3.2. N2O-involved treatment effect on Cu/SiO2 surface structure. Such dramatic enhancement of the Cu/SiO2 activity is closely related to the structural change of the Cu surfaces after treatment, as revealed by the in situ aberration-corrected TEM images (Figure 2). The images were taken at 473 K under the reaction-relevant conditions (~100 kPa pressure), in which H2 was used, instead of CH3CH2OH, with N2O in the in situ TEM cell to eliminate the possible interference of CH3CH2OH-derived carbon deposits on the Cu surfaces, considering the essentially identical treatment effect discussed later using CH3CH2OH and H2. Clearly, upon N2O treatment, the Cu nanoparticles of Cu/SiO2 experienced a drastic transformation from a more facetted shape (Figures 2a, b) to a more spherical shape (Figures 2c, d) without changing their face-centered cubic structure.
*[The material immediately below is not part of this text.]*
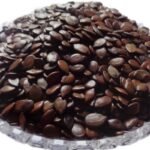 Divesh Store Siris Seed - 100Grm - Siras Seed - Albizia Lebbeck Seed - Siras Beej - Fast UK Delivery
The surfaces became curved with more steps (Figure 2c), in comparison with the terminated flat {111} and {100} planes before treatment (Figures 2a, b). Moreover, defects (e.g. twin boundaries) on some Cu nanoparticles (Figure 2d) were formed upon the treatment, and the surface steps consisted of small facets like {111}, {100}
{111} {100} {220}
{111} {100} Figure 2.(a) and (b) In situ TEM images for Cu/SiO2 before treatment (at ~100 kPa H2 and 473 K). (c) and (d) In situ TEM images for Cu/SiO2 after treatment (~100 kPa H2 and 473 K). Scale bar for all TEM images: 2 nm; {100}, {111} and {220} represent the corresponding facets of Cu.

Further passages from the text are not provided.